The One From The Other
Think Sam Spade as a German PI in postwar Europe, only here the streets are meaner than any in Dashiell Hammett’s California, and Philip Kerr’s creation, Bernie Gunther, has more baggage than a Deutsche Bahn express train. Like many of the classic detective stories, this one starts with a stunning blonde in a red dress, arriving with a seemingly simple task. This leads Gunther into his most complex case, one with consequences that he may not escape. His investigation takes him into a world where good and bad seem synonymous, and one cannot tell the “one from the other.”
Written in the style of Hammett and Raymond Chandler, this book can be both humorous and disturbing, often in the same paragraph. But the evil portrayed is anything but fictional, from an appearance by Adolph Eichmann to the complicity of the CIA in subverting justice for war criminals.

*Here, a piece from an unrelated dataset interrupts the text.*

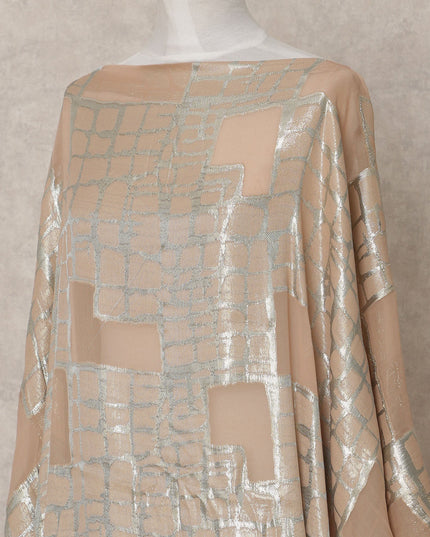 Beige Metallic Somali Chiffon Dirac with Silver Lurex Grid Design, 3.5 Mtrs, Width 140 Cms, Made in South Korea-D24026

Kerr’s main character is complex as well, with a past tainted by Nazism and the brutality of war. Far more than just a mystery, this book sheds light on a postwar period largely forgotten, and brings to the fore the very real criminality of both victor and vanquished.
For all its rather serious nature, it is a highly entertaining book, imaginatively conceived and smartly executed. Although it stands as a remarkable work of historical fiction, fans of hard-boiled detective stories will not be disappointed. This is the fourth in the Bernie Gunther series, written some fifteen years after his initial appearance. The only disappointment would be if we have to wait another decade and a half for another.